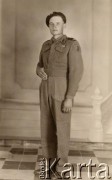 Lata 40. lub 50., Coronel du Graty, prowincja Chaco, Argentyna.
Bronisław Kramarz w polskim mundurze, który pożyczył od żołnierza, który walczył w czasie II wojny światowej. 
Fot. NN, zbiory Marii Kramarz, reprodukcje cyfrowe w Bibliotece Polskiej im. Ignacego Domeyki w Buenos Aires (Biblioteca Polaca Ignacio Domeyko) i w Ośrodku KARTA w Warszawie.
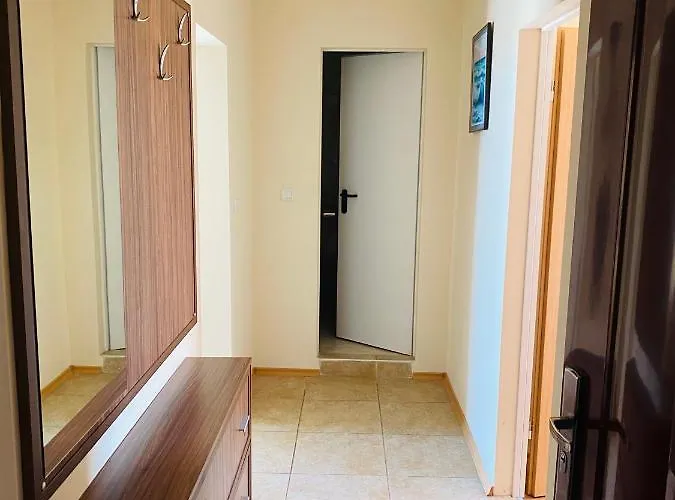 Golden Sea View 2 Apartment Pomorie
==============================
Exercise brief »
Extract every line containing the string "Kramarz" from the material.

Solution to the exercise »
Bronisław Kramarz w polskim mundurze, który pożyczył od żołnierza, który walczył w czasie II wojny światowej. 
Fot. NN, zbiory Marii Kramarz, reprodukcje cyfrowe w Bibliotece Polskiej im. Ignacego Domeyki w Buenos Aires (Biblioteca Polaca Ignacio Domeyko) i w Ośrodku KARTA w Warszawie.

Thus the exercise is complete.